• [Records shown]:

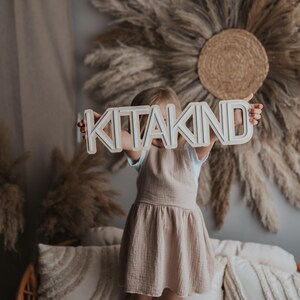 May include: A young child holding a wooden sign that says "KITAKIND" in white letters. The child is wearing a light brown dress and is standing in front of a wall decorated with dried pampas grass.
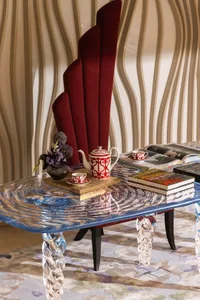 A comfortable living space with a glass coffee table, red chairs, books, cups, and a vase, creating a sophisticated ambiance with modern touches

* * *

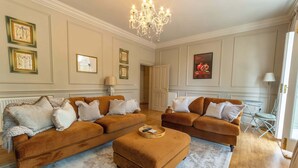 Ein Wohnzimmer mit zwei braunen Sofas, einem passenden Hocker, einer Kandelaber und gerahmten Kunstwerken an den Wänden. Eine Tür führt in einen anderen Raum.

• [Work instruction]:
Please copy out from the data above, without any picture, exactly the lines running from the one that holds "May include: A" through the one that holds "A comfortable living", and nothing beyond them.

• [Response box]:
 May include: A young child holding a wooden sign that says "KITAKIND" in white letters. The child is wearing a light brown dress and is standing in front of a wall decorated with dried pampas grass.
 A comfortable living space with a glass coffee table, red chairs, books, cups, and a vase, creating a sophisticated ambiance with modern touches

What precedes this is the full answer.